(Post has been edited )
So I am reading the proof of this statement:
Let G be a group of order $pq$ with $p,q$ primes and $p<q$.
If $p \nmid (q-1)$, then $G\simeq \mathbb{Z}_{pq}$
if $p \nmid (q-1)$ then thre are two isomorphism classes: $\mathbb{Z}_{pq}$ and a certain non-abelian group.
So, here is part of the proof (until the part that I have problems with):
Supposing that $p \mid (q-1)$, let $P \in Syl_p(G), Q \in Syl_q(G)$, since $\mid G:Q\mid = p$, which is th least prime number that divides $\mid G \mid$, then $Q \unlhd G$. Because $(\mid P \mid, \mid Q \mid)=1$, then $P \cap Q = \{e\}$, so $G=QP$.

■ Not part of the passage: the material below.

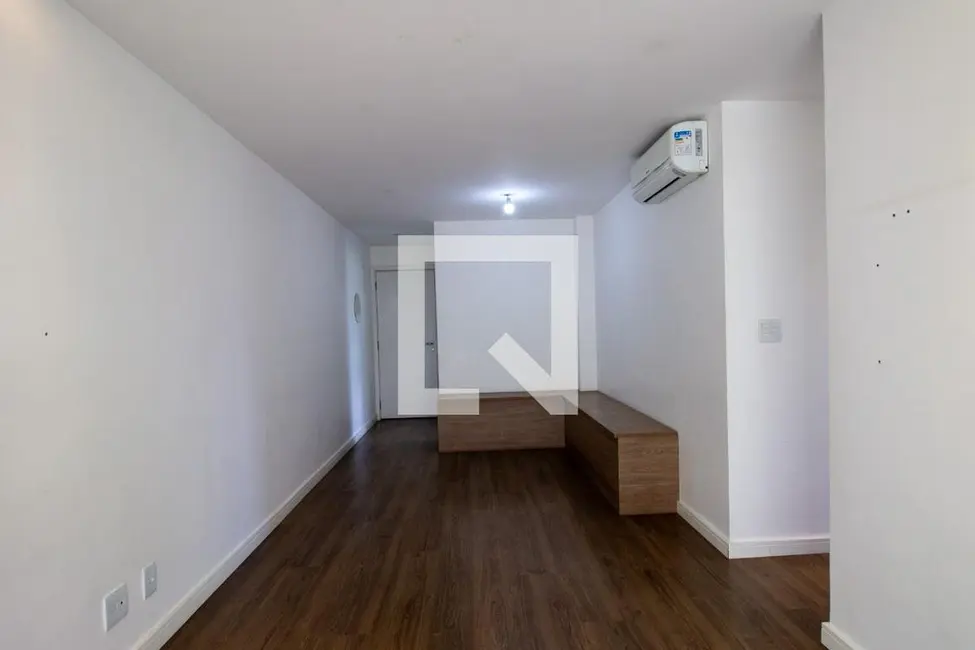 Foto 4 de Apartamento com 3 quartos à venda, 90m2 em Rio De Janeiro - RJ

Then $G$ is a semidirect product $Q \rtimes_{\theta} P$ for a certain morhpism $\theta : P \to Aut(Q)$.
Now they assert that $Aut(Q) \simeq \mathbb{Z}_{q-1}$.
Why is this? I am pretty sure this is not true for any group since complete groups are isomorphic to their automorphim group by definition.
Any help would be appreciated.